■ ASSIGNMENT: Could you repeat the listing below exactly while leaving its pictures behind?

■ DATA EXTRACT:
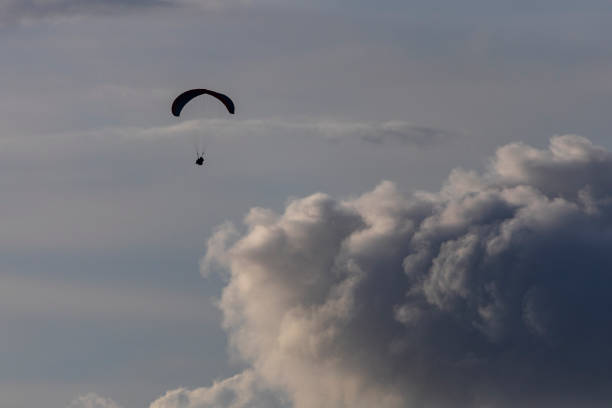 Parachutist moving quickly leaving clouds and blue sky behind
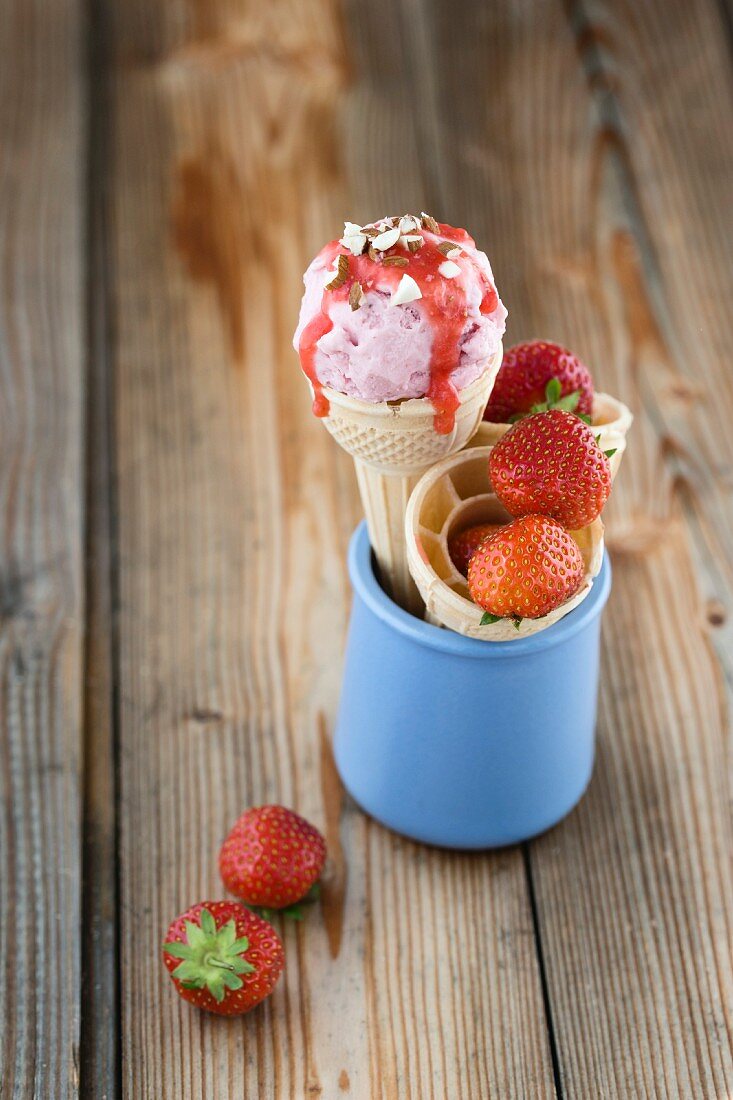 Strawberry ice cream with strawberry sauce and chopped hazelnuts in an ice cream cone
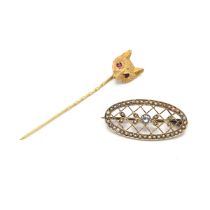 A 9ct gold fox mask pin, set with ruby eyes, 3.28 grams,  along with a gold oval cross hatch set ...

■ EXERCISE RESULT:
 Parachutist moving quickly leaving clouds and blue sky behind
 Strawberry ice cream with strawberry sauce and chopped hazelnuts in an ice cream cone
 A 9ct gold fox mask pin, set with ruby eyes, 3.28 grams,  along with a gold oval cross hatch set ...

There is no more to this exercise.